In 1999, a group of publishers, online booksellers, distributors, and data/content aggregators gathered around a table at the New York office of the Association of American Publishers. (It would be the first time representatives from both Amazon and Barnes & Noble were in the same room together, and the largest gathering to date of all participants in the book supply chain.) In discussions that occasionally got heated, the group acknowledged the challenges in getting book data from publisher to retailer (through a variety of channels) so that consumers could view it.

At the time, EDItEUR and AAP were developing something that they called Online Information Exchange – that meeting was the US book industry’s first exposure to what would become ONIX. Within a few months, the Book Industry Study Group had put together a committee (with liaisons from EDItEUR and AAP) to examine ONIX and determine the viability of its implementation in the US. This became the BISG Metadata Committee, which is now chaired by Richard Stark at Barnes & Noble (an original Muzer). ONIX is a global standard and the BISG Metadata Committee is the venue for American publishers to review the standard, recommend improvements, and troubleshoot implementation.

So what is ONIX, exactly? It’s an XML schema for communication information about products in the book supply chain. There are several series of standardized tags, as well as codelists denoting controlled vocabularies. Much of the work of the BISG Metadata Committee centers around the codelists – defining formats, contributor roles, determining what the term Page Count actually means. Entire 3-hour meetings have been dedicated to defining what a Pub Date is. (This has never actually been resolved to anyone’s satisfaction.) Where there are standards, there are compromises, arguments, and rat holes.┬áThirteen years after the first meeting about ONIX, the discussions can still sometimes get quite heated.

In the process, the term ONIX has come to be nearly synonymous with “book metadata”. Many, many publishers never view the DTD or create XML files – the metadata gets entered in spreadsheets, or by hand in online data-entry forms. In 2005, BISG began developing a set of best practices for publishers who were sending metadata, regardless of format.

ONIX has undergone several revisions. Most of the US industry is still on Version 2.1 (European publishers are moving to Version 3.0, which handles ebook metadata and other issues with more flexibility).

A Bit Of History: Building Babel

In 1995, I was working for a weird little company called Muze. Originally located in Williamsburg, Brooklyn, well before Williamsburg became synonymous with “hipster”, Muze was founded in 1990 by Trev Huxley, grandson of Aldous, and Paul Zullo, producer of the King Biscuit Flower Hour. It was originally a database of music that had been converted to CD; later, they created a video database as well. By the time I got there, they had just licensed Bowker’s Books in Print database and were amplifying that with synopses, reviews, and all manner of links and tags. The goal of all this was to install the data in kiosks in stores, so customers could easily browse for the products they wanted.

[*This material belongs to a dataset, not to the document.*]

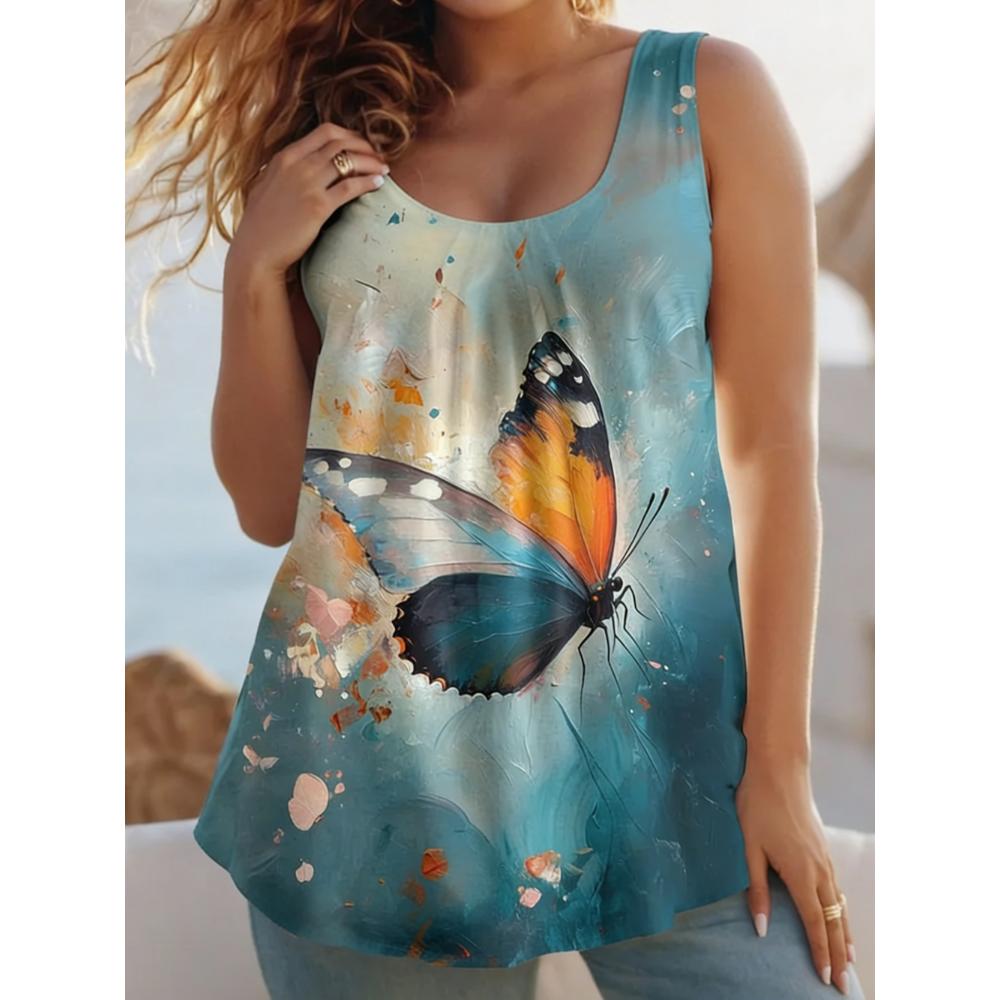 

Летний женский большой размер 3D-печать цветы животные жилет свободный модный удобный мягкий дышащий круглый вырез без рукавов жилет S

The team that created all this content spent two days a week at the New York Public Library, researching connections between authors and books. We created Schools and Movements, Themes and Genres. We created sprawling taxonomies of time periods and locations. We mapped Bowker subject headings to BISAC categories, created a central Canon of authors whose works we would prioritize. We transcribed the endorsements on the back jackets of books. We entered flap copy into the database, wrote our own annotations when moved to do so. We sent stacks and stacks of faxes to Bowker, correcting their data.

And suddenly there was Amazon.

It was sudden, almost overnight. The book world was upended. Amazon had licensed data from Baker & Taylor, not us (nor Bowker), and while the Muze data was more intricate, the Amazon data was more visible. Many of us, over the next three years, went to work for Barnes & Noble.com to help B&N attempt to duplicate Amazon’s success – I can’t speak for the others on the team, but in my case it was a matter of finding work that was secure. Barnes & Noble would never go out of business, and if this whole World Wide Web thing didn’t pan out, I could at least work in the back office of the bookstore chain.

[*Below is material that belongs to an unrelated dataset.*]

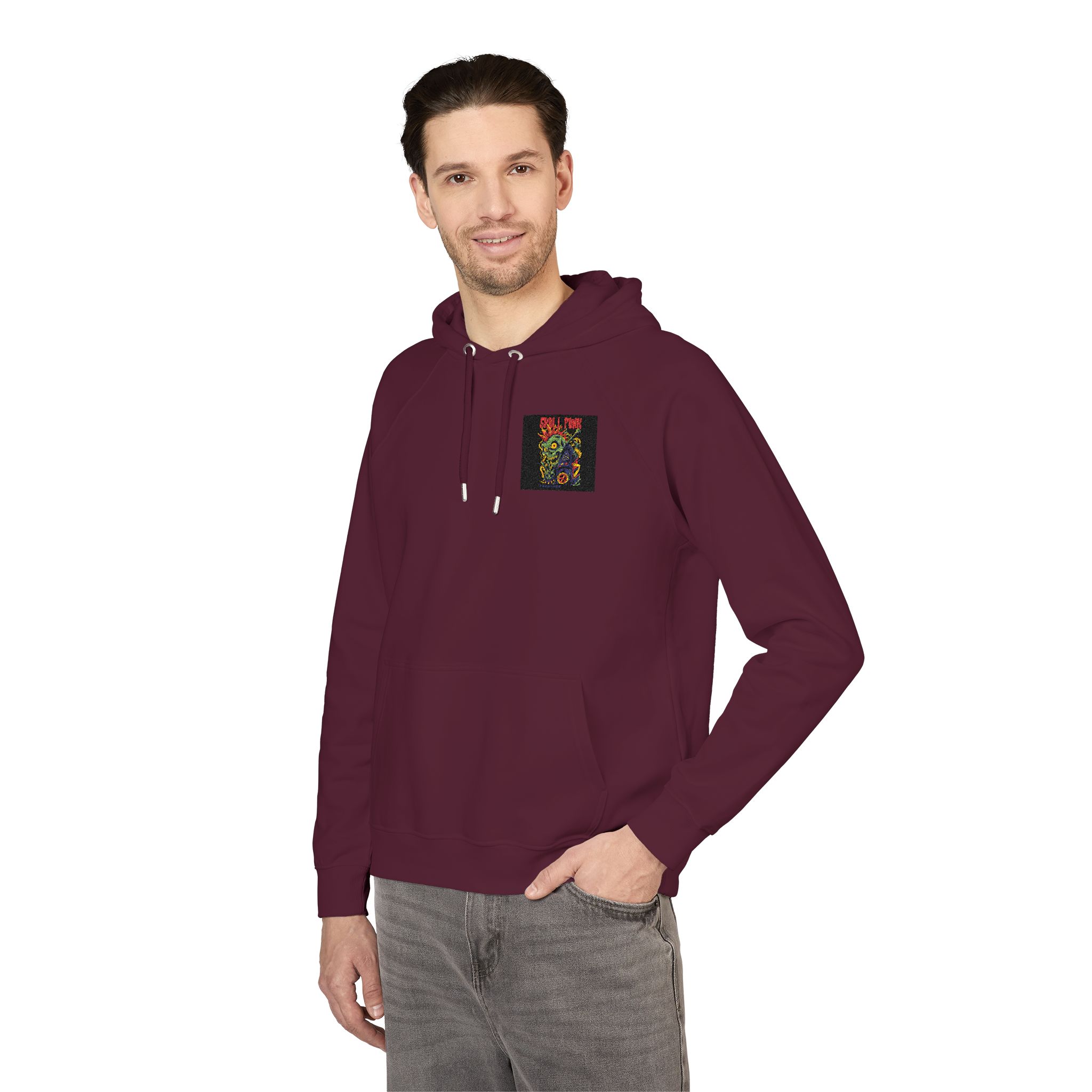 Skull Punk Copia Unisex Eco Raglan Hoodie Embroidery - Image 24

By 1998, it was becoming apparent that Amazon had caught the book industry – and, to an extent, even itself – flat-footed in one regard: information about books. Consumers could see it. Authors (and their mothers) complained. Publishers complained. Agents complained. The titles were truncated. The prices were wrong. The annotations – such as they were – were either far too brief to tell what the book was about, or filled with HTML-unfriendly characters. Data at online stores got updated erratically – depending on how many people were working that day, who was chosen for Oprah’s Book Club, what other promotions were being held. Publishers clearly had never expected anyone outside the book industry to look into their databases…and it showed. Rather than flipping through a beautifully-illustrated, curated Spring or Fall catalog, consumers were confronted with what sometimes looked like gibberish.

It became clear that internet bookstores were not going away, and the industry needed a standard for the information.